#### [Exercise description]
The listing below must be returned in full and unchanged, without the images it carries.

#### [Recorded data]
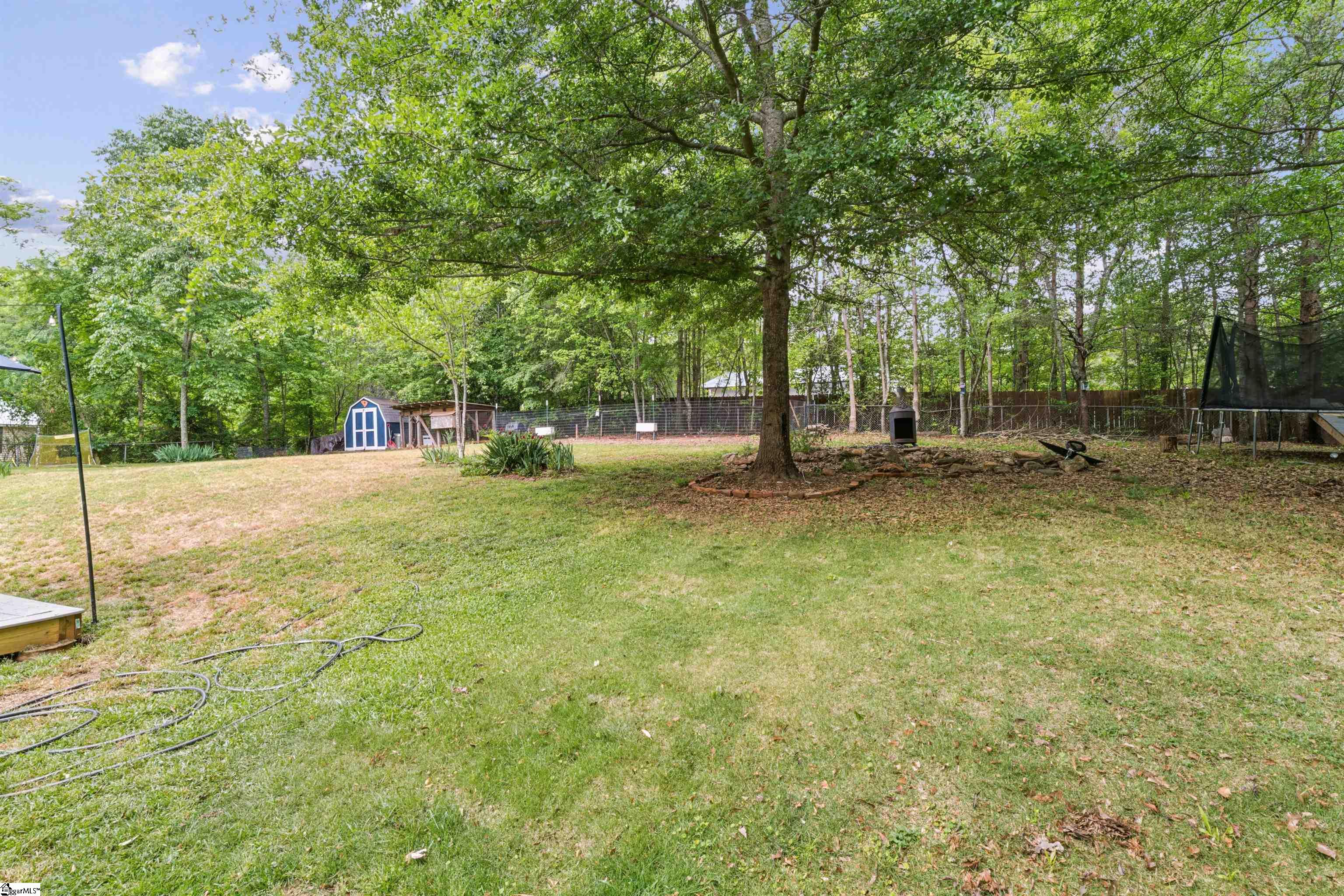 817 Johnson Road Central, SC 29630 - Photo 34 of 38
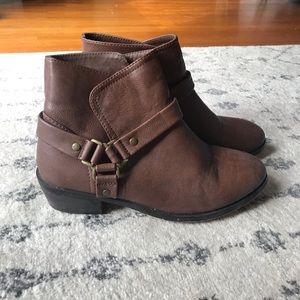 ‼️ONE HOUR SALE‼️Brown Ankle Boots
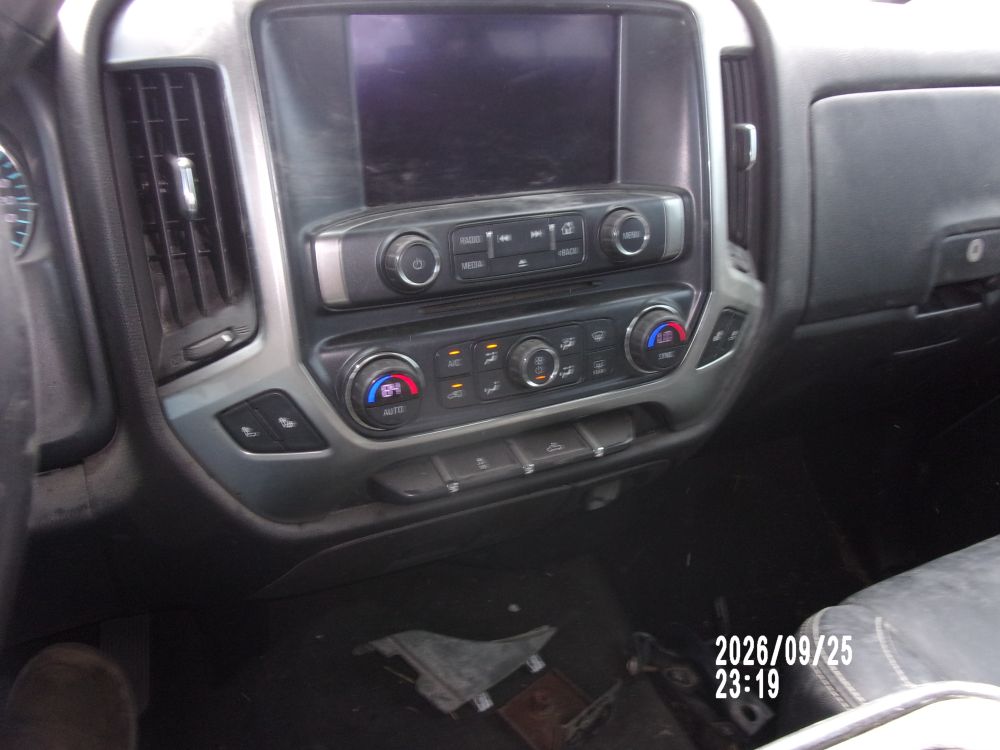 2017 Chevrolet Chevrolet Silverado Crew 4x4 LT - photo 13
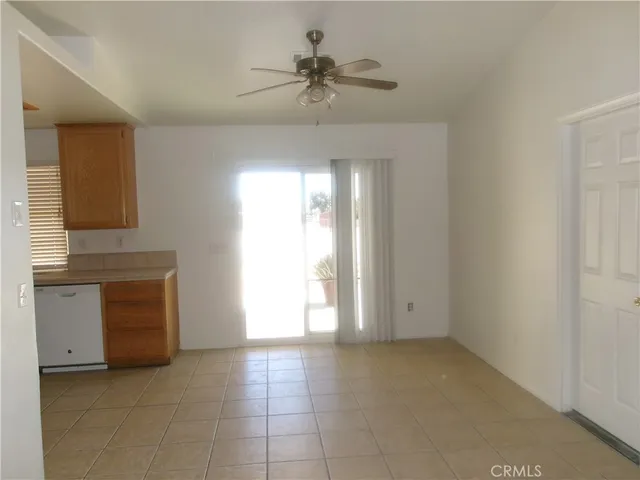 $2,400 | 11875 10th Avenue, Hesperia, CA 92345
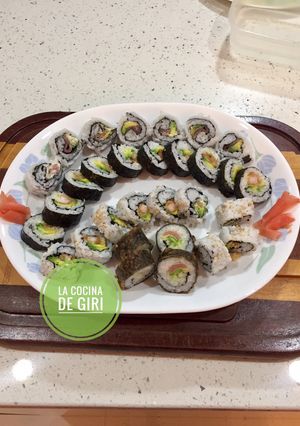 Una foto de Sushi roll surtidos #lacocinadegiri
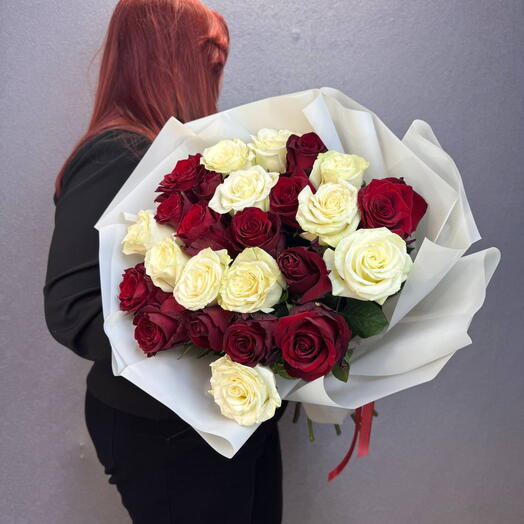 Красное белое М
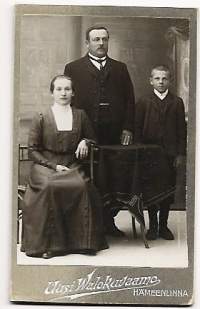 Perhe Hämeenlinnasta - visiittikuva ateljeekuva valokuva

#### [Solution]
 817 Johnson Road Central, SC 29630 - Photo 34 of 38
 ‼️ONE HOUR SALE‼️Brown Ankle Boots
 2017 Chevrolet Chevrolet Silverado Crew 4x4 LT - photo 13
 $2,400 | 11875 10th Avenue, Hesperia, CA 92345
 Una foto de Sushi roll surtidos #lacocinadegiri
 Красное белое М
 Perhe Hämeenlinnasta - visiittikuva ateljeekuva valokuva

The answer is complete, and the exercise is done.